E’ del tutto casuale questa coincidenza? Forse, l’interrogativo merita qualche riflessione più approfondita. Comunque sia, essendo più in generale in notevole crescita il numero dei reclusi affetti da disagio psichico e/o da patologie psichiatricamente rilevanti, non da ora – e non soltanto in Sicilia – si chiede alle autorità politico-sanitarie regionalmente competenti di potenziare l’assistenza psicologica e psichiatrica negli istituti di pena, sia per adeguare le attività trattamentali alle caratteristiche dei soggetti più problematici, sia – e non ultimo – al fine di prevenire e ridurre il rischio-suicidio. Maggiore e più fattiva attenzione dovrebbe, nel contempo, essere rivolta alla condizione di forte stress in cui vivono gli agenti penitenziari.

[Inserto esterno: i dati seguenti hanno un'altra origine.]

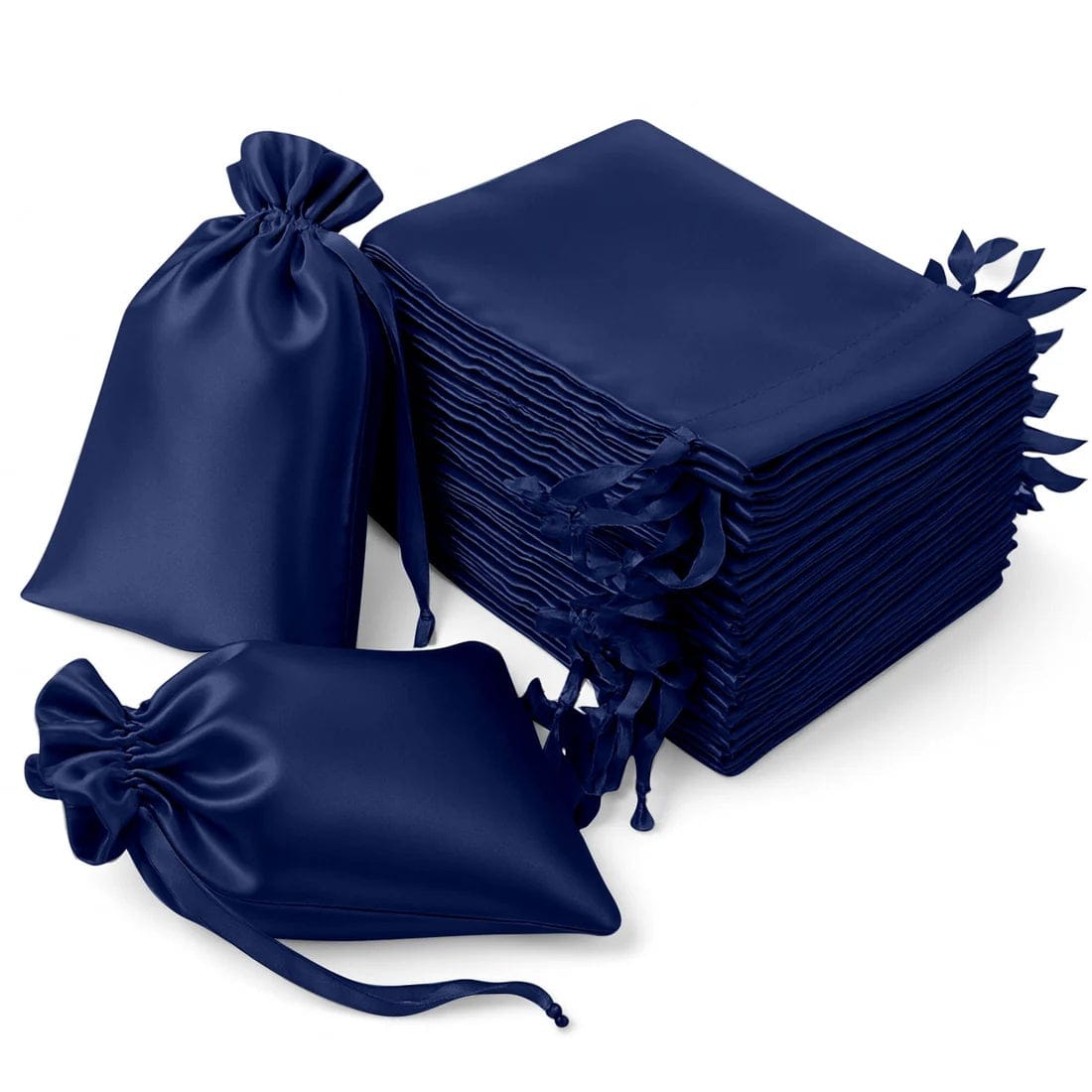 60 Favor Bags 6x9 in Satin Wedding Party Drawstring Pouch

C’è, tutt’altro che secondaria, una esigenza di adeguamento quantitativo del personale. E sono anche opportune le proposte di incrementare le forme di sostegno e assistenza psicologica a beneficio degli stessi agenti, e di elevarne qualitativamente la formazione professionale anche con corsi di psicologia. Ma, alla radice, riemerge una necessità che è ben più di fondo e di ben maggiore respiro: vanno cioè ripensate, per un verso, la logica d’impiego (sproporzionata per eccesso) della pena carceraria e, per altro verso, la logica di funzionamento e la logica organizzativa delle carceri. Obiettivi troppo ambiziosi e poco realistici, considerato trend politico-culturale iper-punitivista oggi dominante? Anche l’approccio realistico dovrebbe invero guardarsi da un rischio sempre incombente, che è quello di tramutarsi in rassegnato pessimismo immobilista.
Una cosa è certa. L’esperienza storica comprova che, senza sprazzi di ‘concreta utopia’ innescati da minoranze politico-culturali illuminate, e senza svolte innovative coraggiose, l’universo carcerario non può che replicare il suo modello di istituzione totale ed escludente, più desocializzante che rieducativa, con risultati nel complesso più dannosi che utili per i singoli detenuti e per la società nel suo insieme.